Here look at this, it can help you

Answer 49

wait so the rate of change is 3 or 0???

Answer 50

\[f(x) = \frac{ 3x - 6 }{ x - 2 } = \frac{ 3(x-2) }{ (x-2) } = 3\]

Answer 51

It is a horizontal line at y = 3 ...f(x) = 3

Answer 52

okay so 3? want to make sure!!

Answer 53

no the rate of change of a horizontal line, is zero

Answer 54

alright. sorry all of this confuses me! i'm going with 0!

Answer 55

the y coordinate does not change as the x coordinate changes in a horizontal line, the slope is zero

Answer 56

here to summarize...

Answer 57

f(x) = (3x-6)/(x-2)

Average rate of change btween two points is the slope.
\[slope = \frac{ change of y }{ change of x } = \frac{ f(8) - f(6) }{ 6-8 } = \frac{ 3 - 3 }{ 2 } = \frac{ 0 }{ 2} = 0\]

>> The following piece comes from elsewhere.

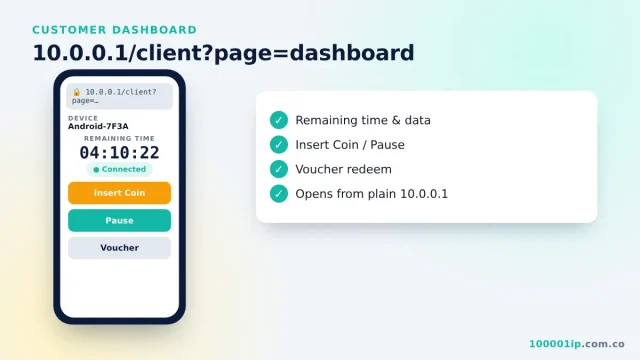 10.0.0.1/client?page=dashboard customer dashboard on a phone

The average rate of change of f(x) over the interval [6,8] is ZERO.

Answer 58

That is it

Answer 59

okay:) thank you!!

Answer 60

heres my next question...

Answer 61

@DanJS

Answer 62

This would be the same thing...

\[ave change = \frac{ f(3) - f(-2) }{ 3 - (-2) }\]

Answer 63

They gave you a table of values, so you dont have to calculate f(3) and f(-2)

Answer 64

i have trouble setting it up. lemme confirm the answer with you?:)

Answer 65

type out the first step

Answer 66

plugging in the values?

Answer 67

the interval is [-2 , 3]
find f(-2) and f(3) from the table

Answer 68

i got 2.5/5

Answer 69

which equals half, .5

Answer 70

correct?

Answer 71

no

Answer 72

watch..

Answer 73

The interval is over x=-2 to x=3 , [-2, 3]
from table
f(-2) = 2.5
f(3) = 5

average Rate of Change over [-2,3] =
\[\frac{ f(3) - f(-2) }{ 3 - (-2) } = \frac{ 5 - 2.5 }{ 3 + 2 }\]

Answer 74

oh i see, you just gave me the final answer... yeah it is 2.5/5

Answer 75

I thought you just divided the f(-2) and f(3)

Answer 76

yeah i'm sorry! i have trouble explaining myself.

Answer 77

but the final would be half?

Answer 78

So all you need to remember for the AVERAGE RATE OF CHANGE

y = f(x); over an interval [a,b]

Ave change =
\[\frac{ f(b) - f(a) }{ b - a }\]

average change is found by evaluating the function f(x) at x=b and x=a, then using the above formula.

Answer 79

yeah final 2.5/5 = 1/2

Answer 80

okay...thank you so much for your patience with me. it means SOO much! @DanJS i just have two more questions...

Answer 81

of course! thank you lots